Pointwise application of a function:

In math there is f[s] for { f(x) | x in s }. We cannot use this 
great notation directly. What can be done is
     auto r = pointwise(&f, s); // f.pointwise(s);
and/or
     auto r = pointwise(s, &f); // s.pointwise(f);

It is possible to distinguish sets and functions perfectly.

The option s[f] is open, but looks very odd.

Another way to go is
     struct pointwise(alias f)
     if (!is(Parameters!f == AliasSeq!()))
     {
         alias T    = Parameters!f[0];
         alias Args = Parameters!f[1 .. $];
         static opCall(T x, Args args)
         {
             return f(x, args);
         }
         static opIndex(void[T] s, Args args)
         {
             alias R = typeof(f(s.singelton));
             void[R] result;
             foreach (x; s)
                 result.add(f(s, args));
             return result;
         }
     }

     alias f = pointwise!fBase;
     f(x, args); // simple application
     f[s, args]; // pointwise application on a set.

Further we should provide a mechanism for f[[S]] = { f[s] | s in 
S }, i.e.
     alias f = pointwise!(pointwise!fBase);
     f(x, args); // simple application
     f[ss, args]; // pointwise application on a set of sets.
     // pointwise application on a set not possible via f.

The main problem is that a function can be overloaded with
     R f(void[T] s, Args)
and
     R f(     T  x, Args)
It is possible but not desirable to make pointwise detect these 
cases and forward opIndex to opCall. For this, there can be a 
separate solution.

We can have pointwise operator application rather easily.
     void[S] s;
     void[T] t;

for any overloadable unary operator op: op s[] is like { op x | x 
in s }
     alias R = typeof(op s.singelton);
     void[R] r;
     foreach (x; s)
         r.add(op x);

for any overloadable binary operator op: s[] op t[] is like { x 
op y | x in s, y in t },
     alias R = typeof(s.singelton op t.singelton);
     void[R] r;
     foreach (x; s)
     foreach (y; t)
         r.add(x op y);

These can be computed lazily under certain circumstands, e.g. if 
the sets are immutable or in
     foreach (x; s[] + t[])
     { ... }
if s and t are not changed in the foreach body.

We can allow filtering a set by condition via
     auto t = s(predicate); // typeof(t) == typeof(s)

Set comprehension:

The mathematical notation is not unambiguous and partly informal. 
The minimal support of set comprehension is
       { f(x1,..., xn) | x1 in s1,..., xn in sn, 
predicate1(x1,..., xn) ... predicatem(x1,..., xn) }
We have an expression on the left, bindings and predicates on the 
right.
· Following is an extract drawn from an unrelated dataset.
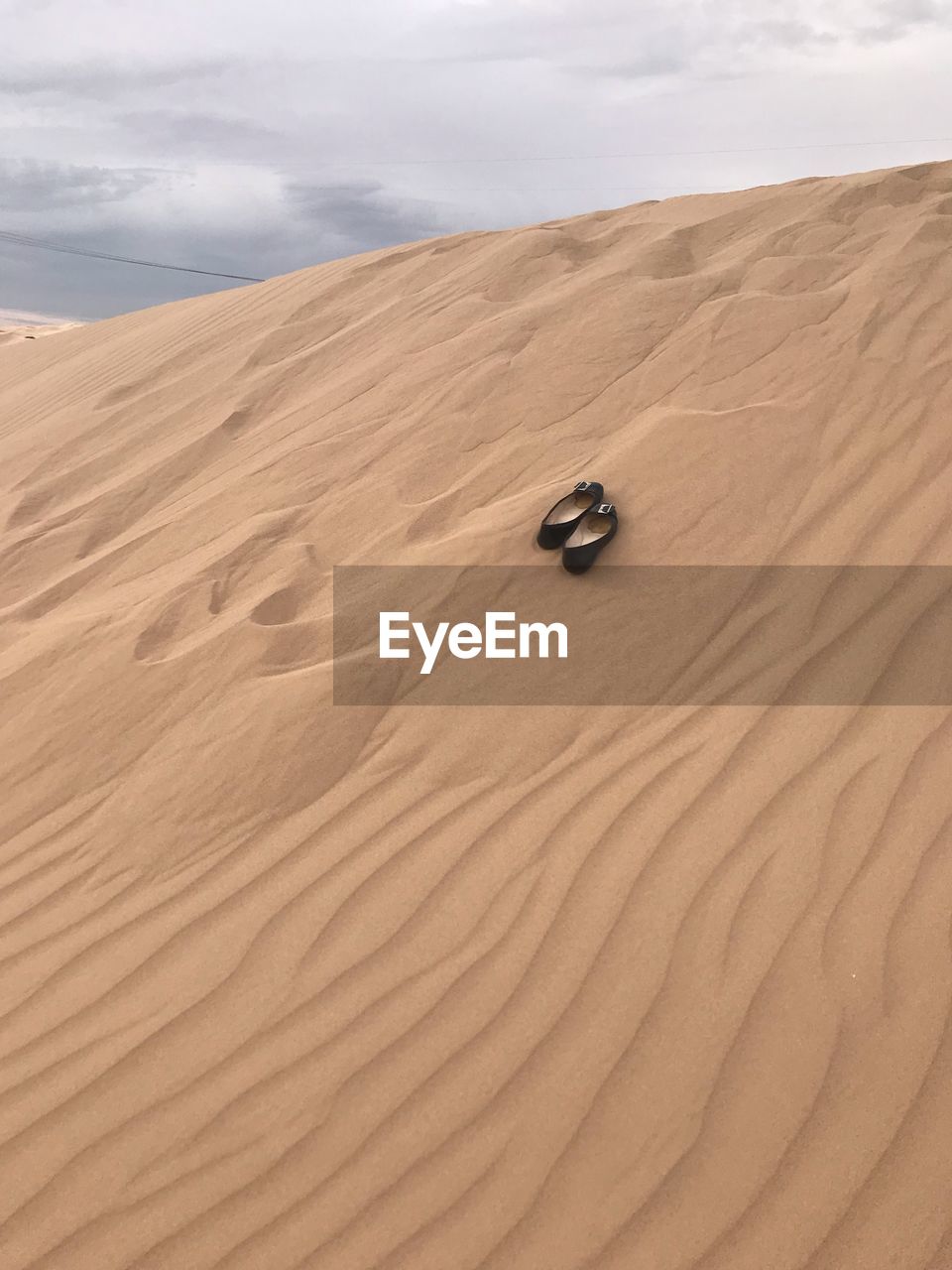 Sand dunes in desert against sky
Maybe one way is a template function
     setComp!("f(x1, ..., xn)",
              "x1 in s1, ..., xn in sn",
              "predicate1(x1, ..., xn) ... predicatem(x1, ..., 
xn)")
with predicates optional.

One thing I have left out? Yes, the complement.
     void[T] s;
     void[T] t = ~s;
We can decide, wether the complement is referentially bound to 
the original or not. This is an issue but not the major one. 
Let's say no, use a copy and go on.
As some types are infinite, we must simulate complements. The 
easiest one is having a private bool isComplement to indicate 
wether the content semantically is the set or the complement. For 
a complement, the operations
  • x in s
  • s[x] = b
  • s | t, s & t, s ^ t, etc.
can be emulated perfectly.

The great issue is iteration over complements. One solution is 
making complements another type, because being able to iterate a 
set just sometimes is inacceptable. For some types of sets, like 
void[bool] which has the four values [ ], [ false ], [ true ], [ 
false, true ], complements are easy. This holds for all finite 
types, but is impracticable for lange ones like long. It makes 
sense to have special treatment for small enums. In addition, one 
of D's goals is to fit user defined types best into the language. 
We need an interface for user defined types that tell that the 
complement operation on sets of them is a meaningful thing and 
not just a coated set.